It’s been weeks since I heard from my friend Lena*, if not months. Two years ago she became a mother. When we were sitting in a café and she brought me the good news, I was honestly and really happy for her and her husband. Little did I know at the time that this would start a countdown of weeks of pregnancy that would also mark the dying process of the friendship.

Many women who have children are suddenly no longer the same people. Of course, as a single person, it is also clear to me that having a child means a lot of effort and also some self-abandonment, but a cool girlfriend who had interests and hobbies often only becomes one thing: a mother animal. The catalog of topics from which you can still choose as a friend starts with inflamed nipples and ends with leaky diapers and visits to the baby choir. Sometimes the most chilled woman suddenly turns into a hysterical mother hen who won’t let her child out of her hands for two minutes. Sometimes not even to your own husband.

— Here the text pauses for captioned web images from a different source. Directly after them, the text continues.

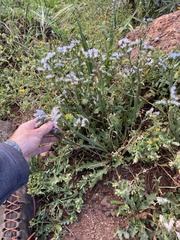Limonium brassicifolium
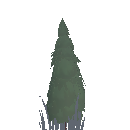 Planted Cypress Sapling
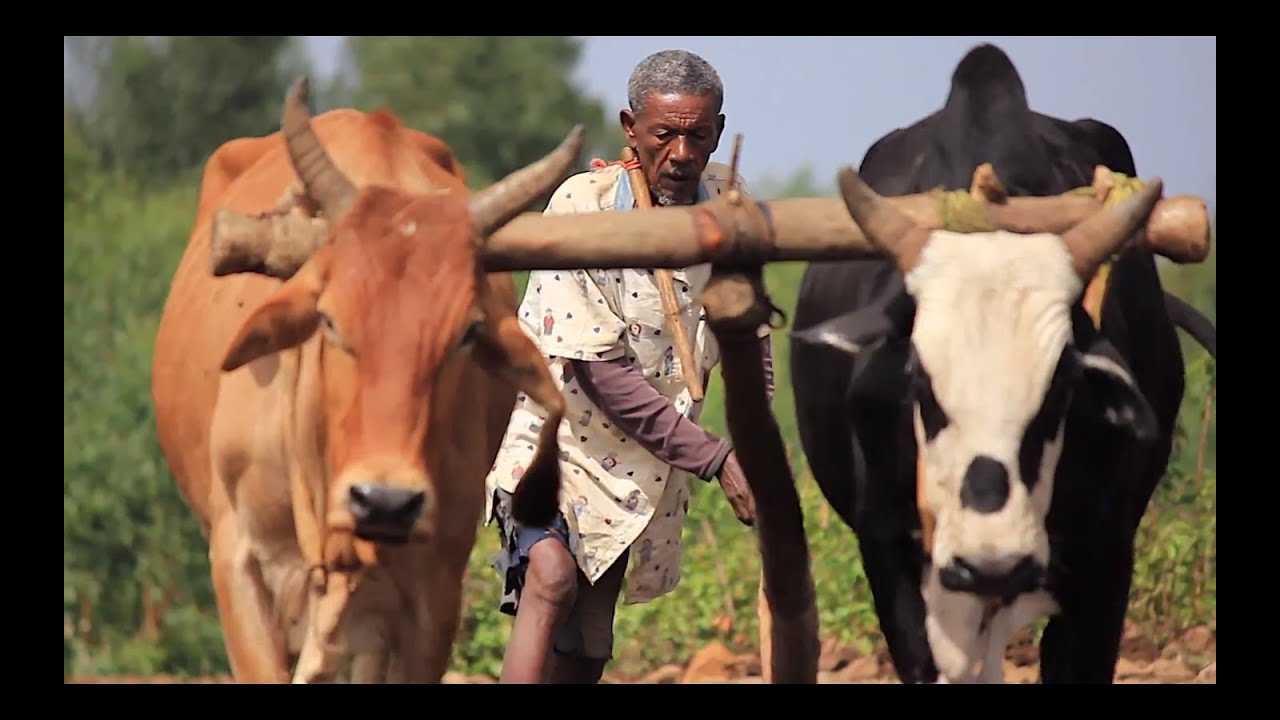 EBL-Nexus Project: Rainfed Agriculture in the Ethiopian Highlands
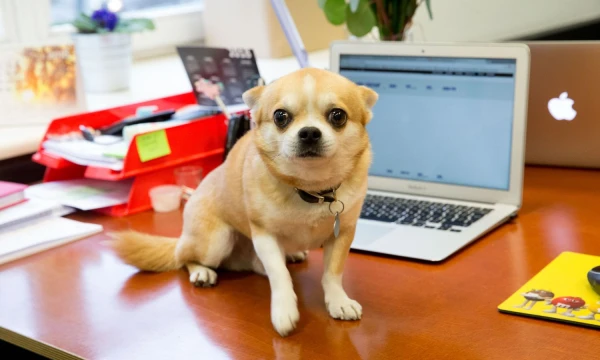  Juditos Grigelytės (VŽ) nuotr.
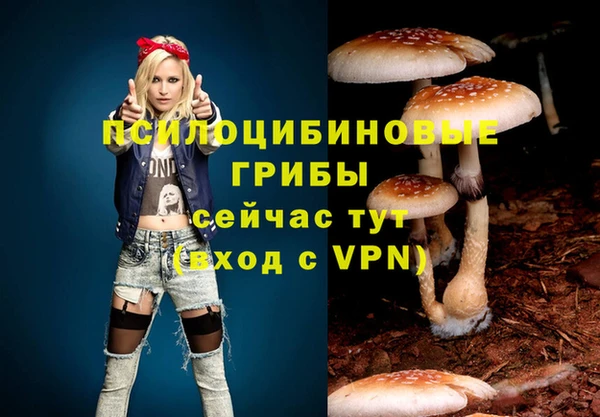 альфа пвп Елизово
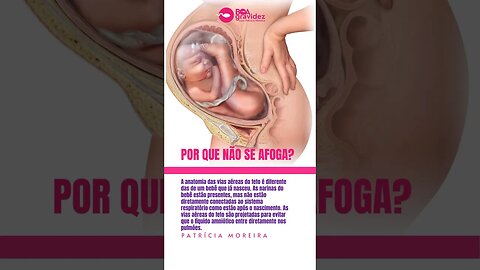 Por que o bebê não se afoga dentro da barriga?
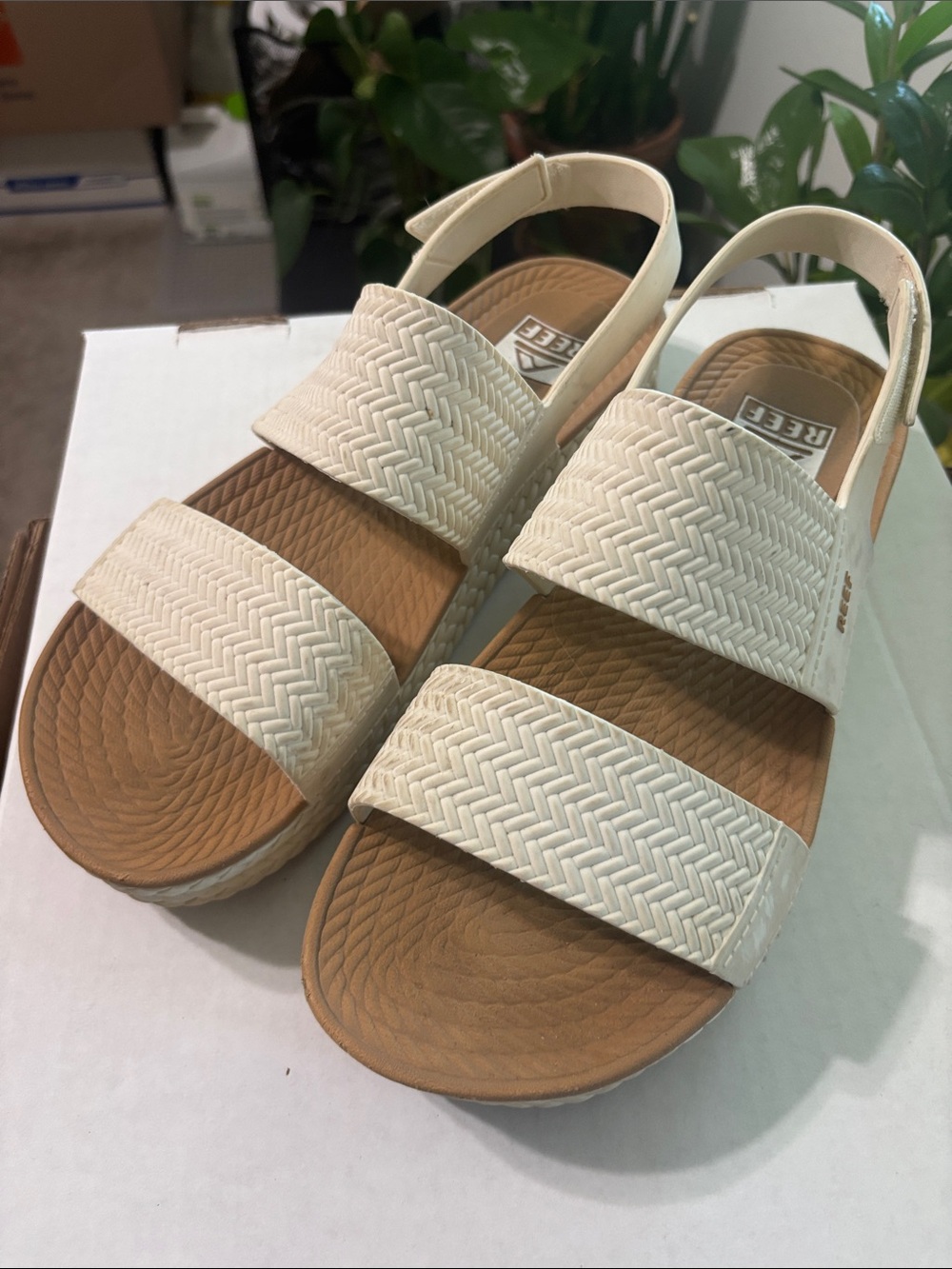 Reef Women's Cream rubber faux-Braided Double-Strap Slingback Sandals 10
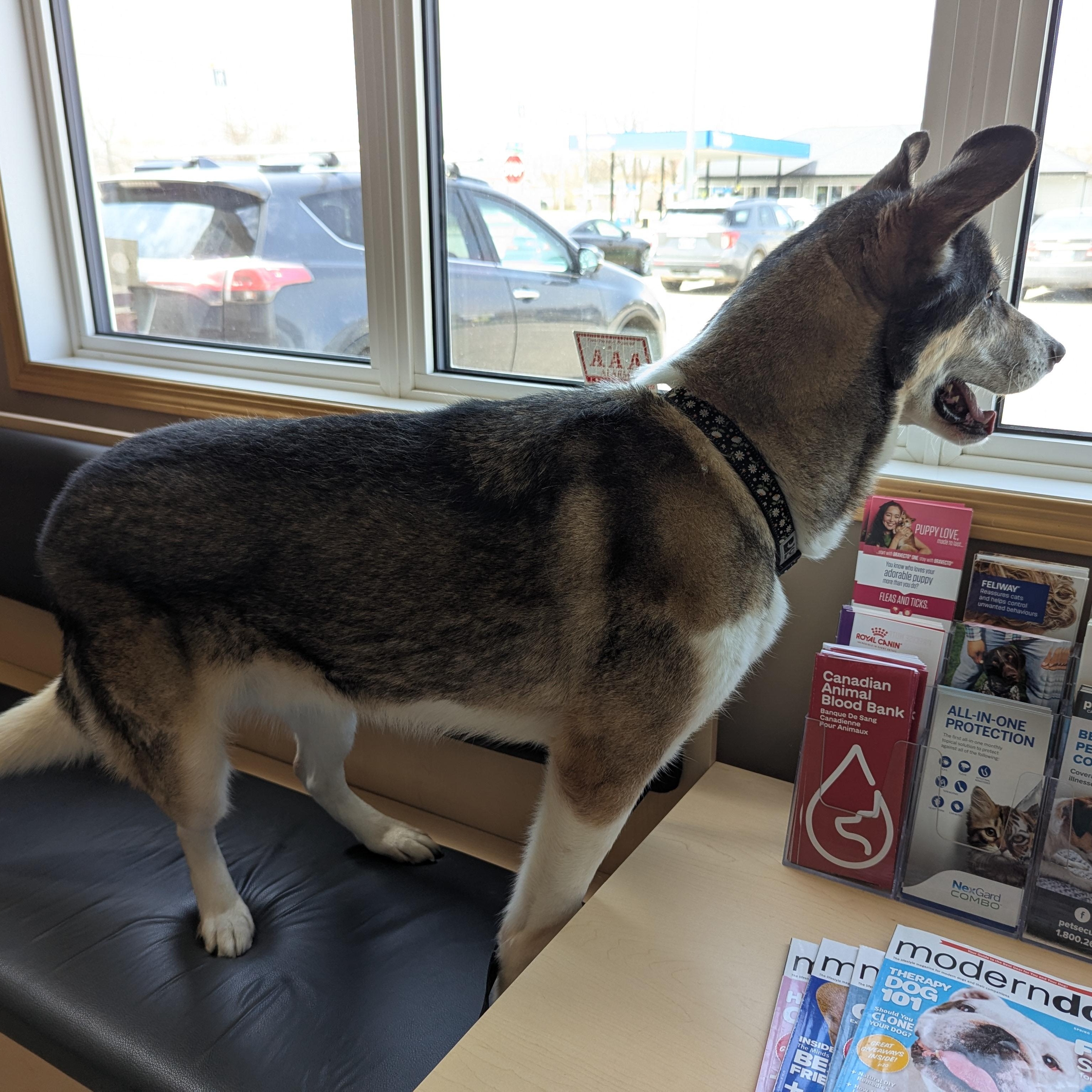 Enlarge Reuben, a ADOPTABLE Mixed Breed in Morden, MB image 5/5
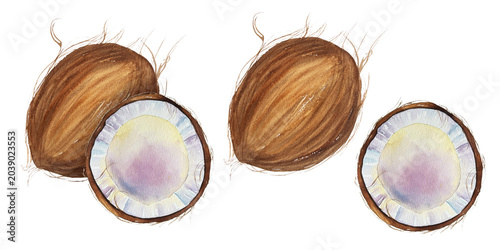 Foto Watercolor illustration set of whole and cut coconut with flesh and brown shell in natural style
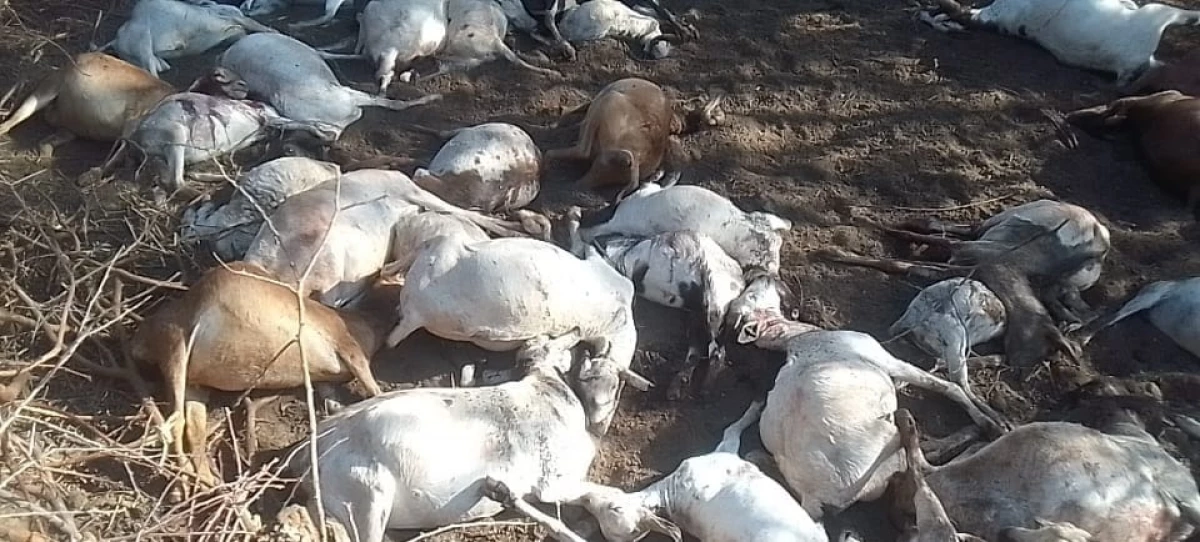 Voi: Stray leopard kills 32 goats in night attack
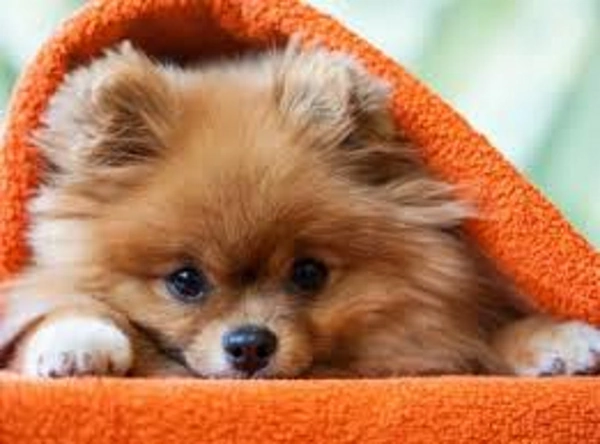 Трусливая собака. Фобии у собак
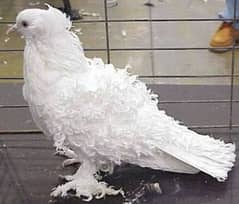 Frillback Fancy pigeon full white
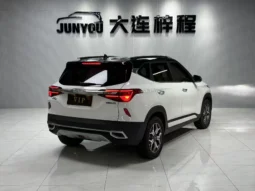 
										Kia Seltos, 2022 full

As a good friend who doesn’t have a husband or family to take care of, I try to be understanding and adapt to her times and places for meetings and phone calls, but this means a lot of adjustment and flexibility for me. Because even if some women don’t work at all anymore, you are suddenly pressed into gap fillers and phone timeslots, such as Wednesday 5-6 p.m. Never at the weekend, because that’s Happy Family Time and it’s not possible after 7 p.m. either, because she goes to bed with the two-year-old herself. I stare in amazement at the very limited appointment suggestions on WhatsApp and wonder if she has actually forgotten that some people work full-time. I can’t come to visit at 12 noon and I can’t make a call at 5 p.m. either.

Because she has a baby and I can’t understand how much effort it is and of course I like my girlfriend, I try to adapt where possible. Visit her on days I’m free, cut phone calls when the little one cries, and keep in touch so we don’t lose touch altogether.

It saddens me that so many women who become mothers suddenly have no interests, suddenly no hobbies and I don’t mean the single parents or the time right after the birth when the baby is still very small. Many of them have found such great husbands and fathers and I observe that 80 percent of those around me: these “super daddies” hardly lift a finger. When he comes home from work or at the weekend, when sport, Playstation or something else is popular, then he is “free”. Even if she’s on the phone and he’s at home too, she’s the one who interrupts the call and takes care of the crying child. He’s sitting on the couch and is on draft. Nevertheless, the weekend is of course there to make a “Happy Family” at the autumn market.

But for once I have to take a stand for the men, because what I’ve also observed is that many women enjoy the role of “super mom” to no end. They are the ones who are irreplaceable. They often want it that way, even if they have long since stopped breastfeeding. They want to put the child to bed every night and then crawl in with them, even though the father could and might do the same if they let him. They want to be the child’s closest caregiver, so they often give themselves up, give up all interests and are then just the mother animal.

But that’s not easy for me as a friend either, not only the need for maximum flexibility in terms of time and adaptation to the daily rhythm of my mom’s friend if I want to continue seeing and hearing her. The content of the conversations also lose quality. No wonder, since she experiences nothing other than the playground and the toddler group.

But because I love my girlfriend, I don’t say anything and swallow it down when the only phone call weeks later is interrupted by the baby’s crying and I even say a bit bitchy: “Is your husband not at home and can he just go there?” and she whistles into the phone: “Dooooch, but I’ll do it and call you back”. But often the call never comes, because then she falls asleep next to the child while he scratches his crotch on the couch. I sit miles away for the next two hours, staring at my phone so I don’t miss Lena’s call back. But it doesn’t ring. Disappointed, I also give up at some point, go to bed and wasn’t even able to tell one important thing about my life. Because in the life of mothers often only one thing is important, the family. Unfortunately, they no longer notice what is happening around them.